Wednesday, 30 September 2009

Harvest festival

Here's a selection of what I've grown (successfully) at home in pots and on the allotment at work. Shiny homegrown peppers before they went under the knife - a record crop of five this year.

Tomatoes a-ripening - but they may yet end up as green chutney as the shadow of White City is looming a little longer every day and we are running out of sun.


Winter minestrone ingredients coming along nicely. Cabbages get a bad press - these brassicas are really beautiful plants in their own right. The red kale glows in the sun and the Tuscan kale is like one of those fountains children's entertainers used to make out of rolled up newspapers.


But the prize winner is - the one and the only Butternut Squash. The sole offspring of the free BBC Dig In seeds.

This might represent my most successful veg growing season yet.

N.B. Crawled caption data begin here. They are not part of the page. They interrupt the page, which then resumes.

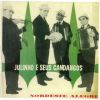Download track Enchente De Orós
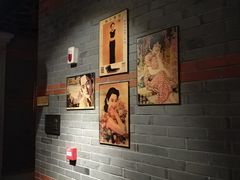 -星聚会KTV(苏州信投大厦店)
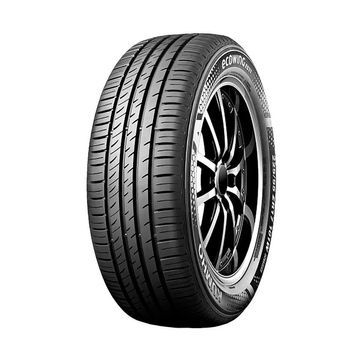 Pneu-Kumho-aro-13---165-70R13---Ecowing-ES31---79T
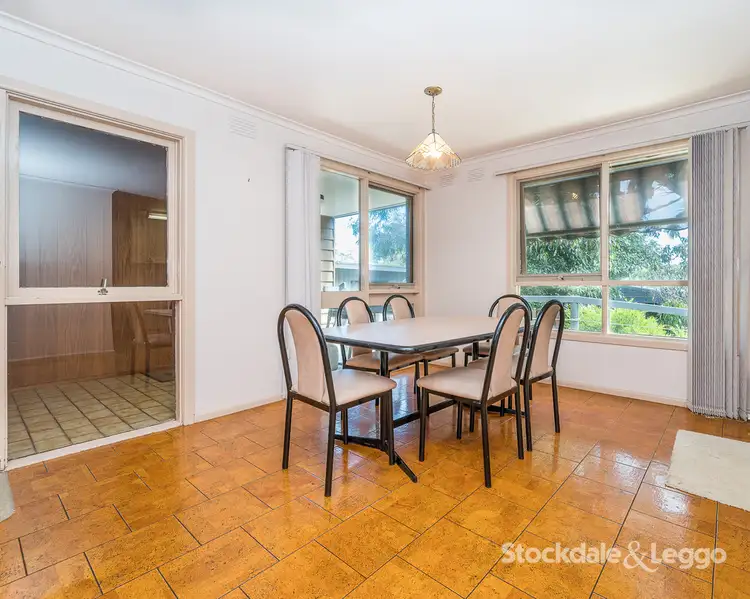 Fifth view of Homely house listing, 23 Freda Street, Inverloch VIC 3996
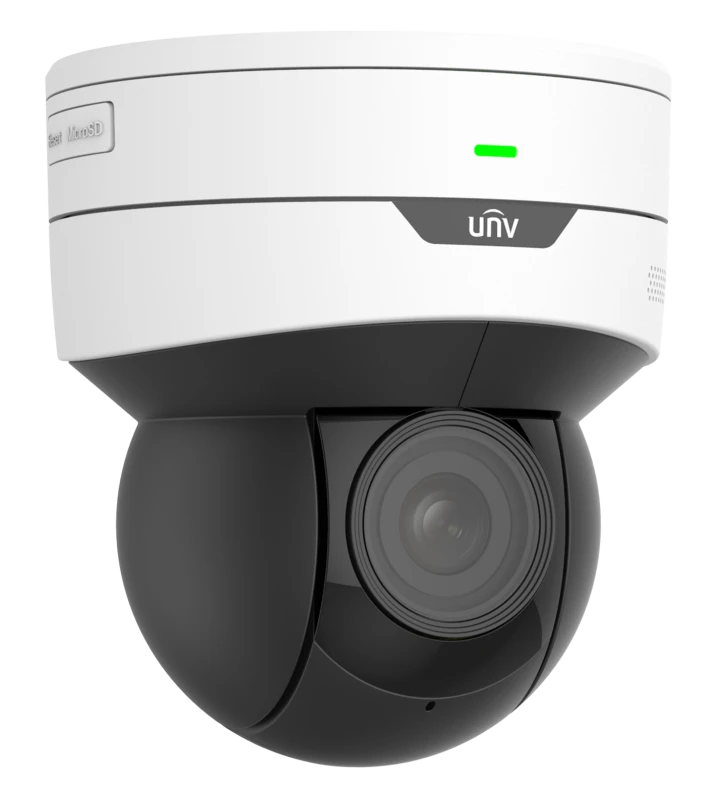 Uniview IPC6215SR-X5PAEW-VG (2.7-13.5) White – купити в Україні | Офіційна гарантія Uniview IPC6215SR-X5PAEW-VG (2.7-13.5) White – купити в Україні | Офіційна гарантія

Thursday, 24 September 2009

A night at the Museum

I went to the Garden Museum last night for a sneak preview of the photos in Dan Pearson's gorgeous new book.
The museum has become a vibrant hub for gardening glitterati, repositioning itself a la V&A, with less emphasis on the artefacts and more on looking at design, and gardens, today. I like what they're doing. It's a great space, the Vista talks are stimulating, the changing exhibitions are thoughtfully put together ("The Good Life...100 years of Growing Your Own" is coming soon and sounds like it will be a fun trawl through the archives). But it's a shame the lovely old tools, seed packets and gardening clogs have been hidden away upstairs like an eccentric aunt.
Still, saw some lovely photos from the book - I loved the ones of community gardens in New York, Japan and our own Bonnington Square in Vauxhall. Were they the first guerilla gardeners in London?

Monday, 21 September 2009

Colours 2



September in my garden brings pink to the flat heads of sedum, the first flush of autumn burgundy to the forsythia leaves, crocosmia seedheads, caryopteris in bud, speckled trycirtis and pale anemone in full bloom and a few sprigs of rosemary and pineapple mint.